AssertionError in Mailbox.recv() causes context thread to stay running
See original GitHub issueI am running a complex unit test locally that involves 5 nodes with various PUB/SUB and REQ/RES pairs. They’re all talking via the public IP of the computer, but everything is on the same machine, in the same JVM.
Each endpoint has its own ZMQ.Context because it’s a simulation of nodes that could be put on different computers across a network.
I’m running multithreaded. Each thread has its own ZMQ.Context object, along with its own socket (in any of the modes listed above). At the end of the test, I try to shut everything down gracefully, but I get an intermittent AssertionError:
Exception in thread "MessageSubscriber: CharlieOne" java.lang.AssertionError
at zmq.Mailbox.recv(Mailbox.java:114)
at zmq.SocketBase.process_commands(SocketBase.java:793)
at zmq.SocketBase.recv(SocketBase.java:714)
at org.zeromq.ZMQ$Socket.recv(ZMQ.java:1247)
at org.zeromq.ZMQ$Socket.recv(ZMQ.java:1235)
at MessageSubscriber$ListenerThread.run(MessageSubscriber.java:131)
“MessageSubscriber: CharlieOne” is the test thread that contains a ZMQ subscriber. The code that causes the AssertionError is here.

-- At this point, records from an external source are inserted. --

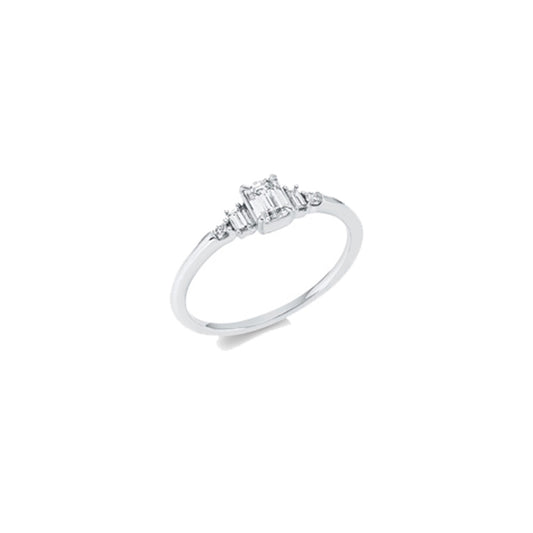 Looi & Co Ring White Gold (18k) 1FP25W854-2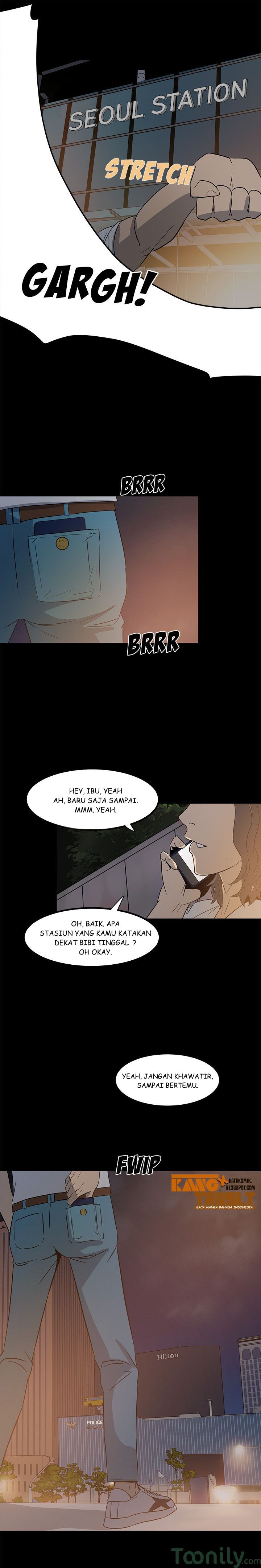 The Villain Chapter 05 Gambar 2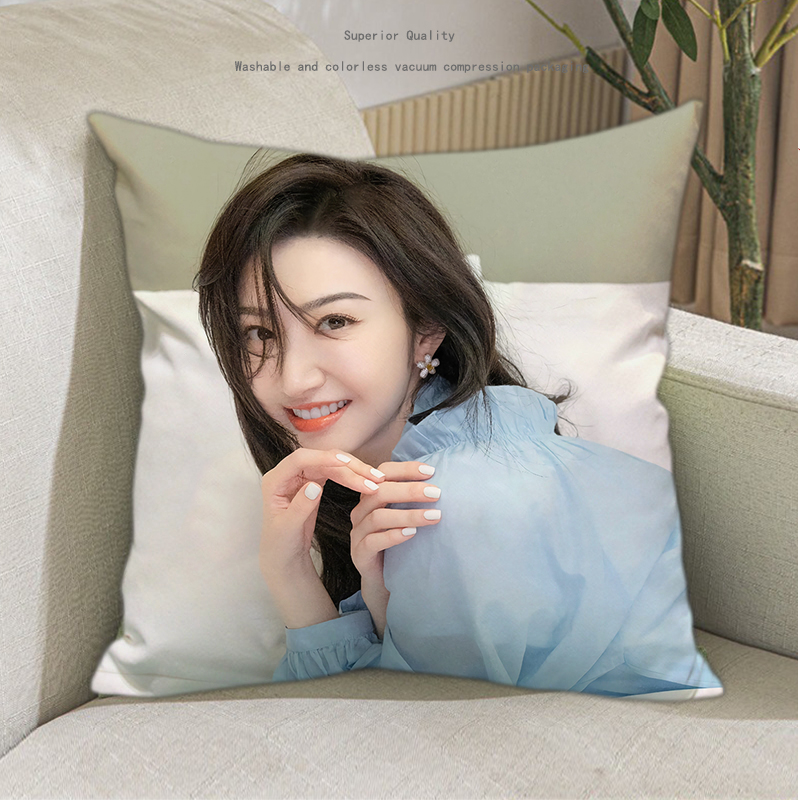 Pre - หมอนลายจิ่งเถียน JingTian 40 cm หมอนดารา (ไม่ใช่สินค้าอฟช.)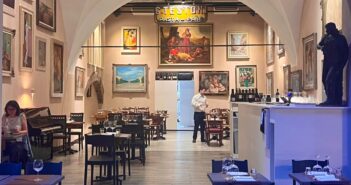Aperto Volando a Bologna, locale che abbina l’arte del ‘900 alla buona cucina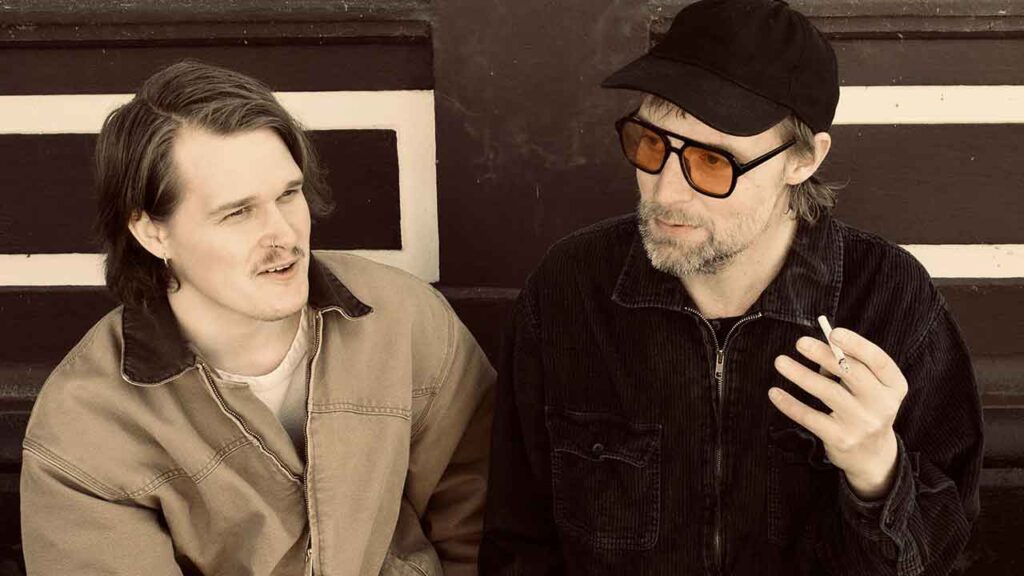 Karl Kristian og Tue West - pressefoto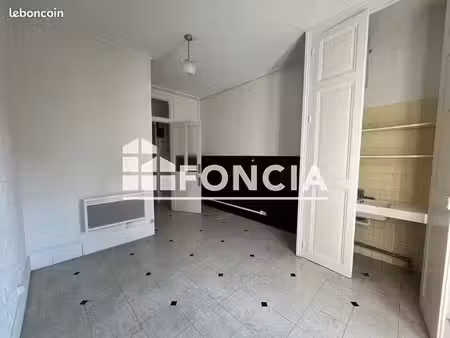 appartement 1 pièce 39 m²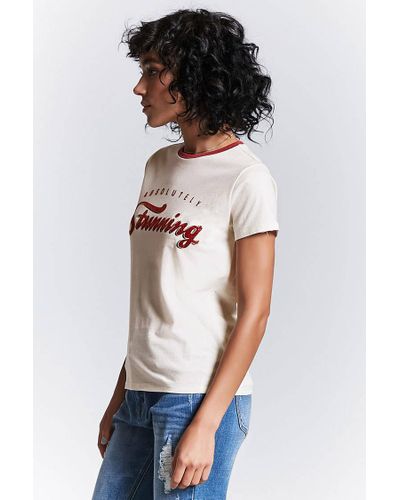 forever 21 vintage tee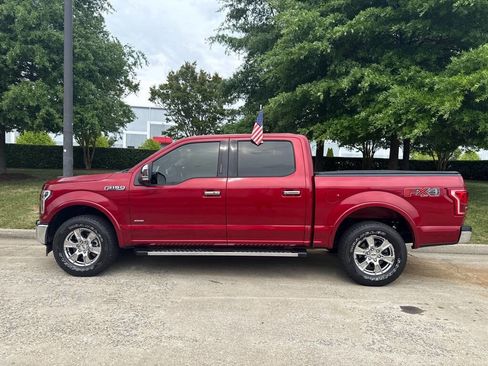 Used 2017 Ford F150 Lariat AWD/4WD image 5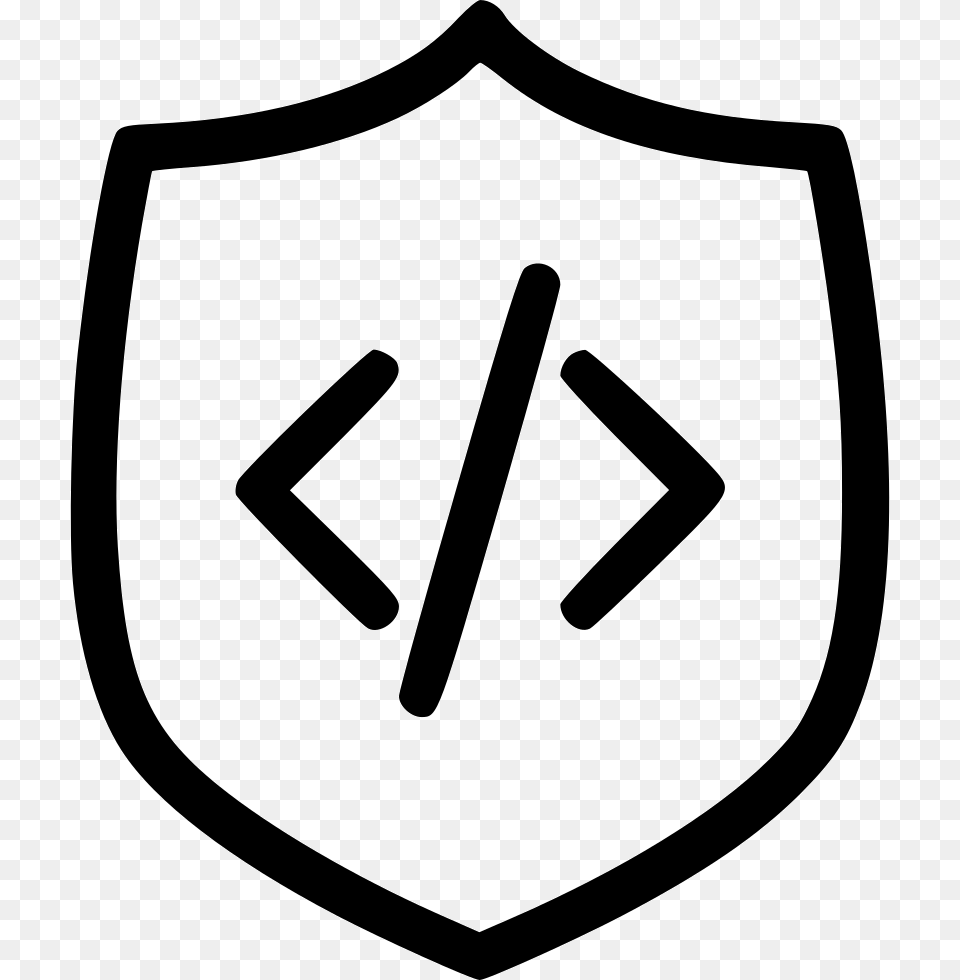 Secure Code Font Icon, Armor, Shield Png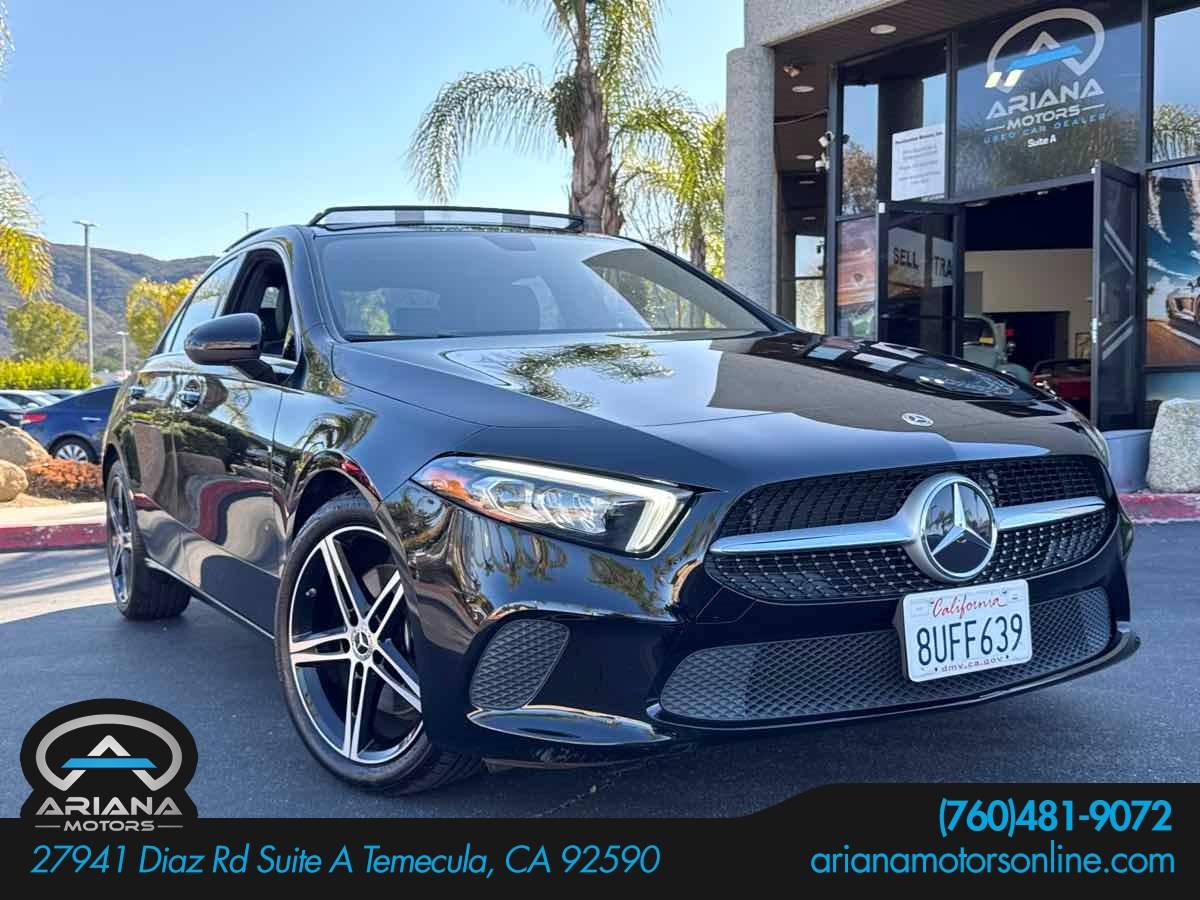 2021 Mercedes-Benz A-Class A 220 — Sedan — 21,205 mi — Temecula, CA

Here is the code that runs in the class that owns that thread, to shut down the thread:
private ZMQ.Context context = ZMQ.context(1);
private ZMQ.Socket publisher = context.socket(ZMQ.PUB);
...
// Shut down the thread
listenerThread.run = false;
subscriber.close();
context.term();
try {
listenerThread.join();
} catch (InterruptedException ex) {
logger.warn("InterruptedException in thread.join()");
}
After the AssertionError occurs, context.term()
blocks indefinitely, perhaps because the socket never really closed. I’ve tried catching the AssertionError, but that doesn’t help. The term()
call still blocks indefinitely.
The problem doesn’t always happen. Sometimes the whole test runs, all the threads shut down, and the program exits. Most of the time, however, at least one of the threads blocks because of this assertion.
Issue Analytics
- State:
- Created 9 years ago
- Comments:7 (3 by maintainers)
It’s hard to say what’s wrong w/o seeing your code. But I’ve run into threads blocking during shutdown many times. This is the safest way I’ve found to shutdown zeromq sockets and the context:
2 threads: Main and SocketThread. Main creates the ZContext, creates SocketThread and passes it the context, and starts SocketThread. ZContext is thread safe so it doesn’t matter which thread creates it.
SocketThread uses the context to create some zeromq sockets and does work.
Later at shutdown time Main needs to signal SocketThread to shutdown. Do this however you want (set a volatile shutdown boolean, send it a ‘shutdown’ message on one of its zeromq sockets, whatever.) Once Main sends the shutdown signal it must join() on SocketThread and wait. SocketThread must close every socket it created and then exit.
Now Main can safely terminate the context.
In your case I’d try putting the context.term() in a finally block in the exception so it is called after join() returns. Be sure that no thread ever touches another thread’s sockets. And make sure every socket is closed and worker thread has exited before calling context.term().
HTH
It is unclear if this is still an issue in the latest version of JeroMQ. Closing for now – if anyone observes this problem on the latest version, please open a new issue.